MUTU PENGAWAS SEKOLAH

Oleh 
Anwari WMK

PERSOALAN lama itu tersingkap kembali. Bahwa mutu pengawas sekolah sangatlah memprihatinkan. Pada edisi 24 dan 25 Januari 2012, harian Kompas memberitakan rendahnya mutu pengawas sekolah itu sebagai persoalan besar dunia pendidikan. Jika ada kehendak untuk memperbaiki dunia pendidikan, maka harus pula ada upaya saksama peningkatan mutu pengawas sekolah. Hanya saja persoalannya, darimana upaya perbaikan itu dimulai?


Buruknya mutu pengawas sekolah dapat disimak dari berbagai aspek. Tatkala datang ke sekolah, pengawas sekolah tercitrakan sebagai "orang pemerintah yang mencari-cari kesalahan". Saat mulai menjalankan fungsi pengawasan, pola kerja yang ditonjolkan berwatak administratif-birokratis belaka. Tragisnya lagi, kerja-kerja pengawasan disulap menjadi ladang pencarian duit. Walau tak semua pengawas berkinerja buruk, tapi memang sedikit yang dapat diandalkan mampu memajukan dunia pendidikan.

Bagaimana pun, pengawasan merupakan pilar penting tercapainya kemajuan dunia pendidikan. Sebab melalui pengawasan, institusi-institusi pendidikan mendapatkan arahan secara obyektif demi mencapai standard mutu tertentu. Dalam upaya meraih kemajuan, institusi pendidikan bahkan mendapatkan masukan yang cerdas dari para pengawas. Juga dari pengawas, kepala sekolah bisa menggali perspektif kepemimpinan dalam dunia pendidikan. Sedangkan bagi para guru, kehadiran pengawas membuka ruang dialog bagaimana menjadi pendidik bermartabat.

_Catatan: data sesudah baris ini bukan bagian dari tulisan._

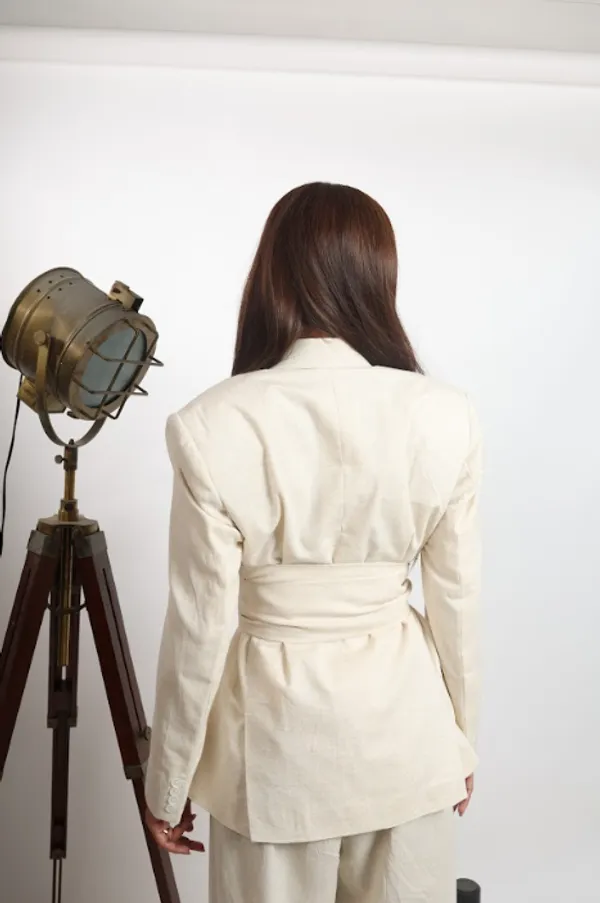 Off_White_Soothe_Pure_Linen_Blazer_For_Women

Tapi sayang seribu sayang, hingga hari ini sulit menemukan pengawas yang sepenuhnya berkomitmen mendorong sekolah mampu meraih kemajuan. Di samping serupa monster yang menakutkan, pengawas belum mengambil peran sebagai konsultan yang mumpuni memberikan arahan agar sekolah sepenuhnya berkualitas. Para pengawas justru gagal merangsang sekolah agar berderap memasuki proses peningkatan mutu. Mereka hadir tanpa kejelasan efektivitas pengawasan untuk mendorong peningkatan kinerja institusi pendidikan. Maka, sangat bisa dimengerti, mengapa frekuensi pengawasan tak berbanding lurus dengan percepatan peningkatan mutu dunia pendidikan.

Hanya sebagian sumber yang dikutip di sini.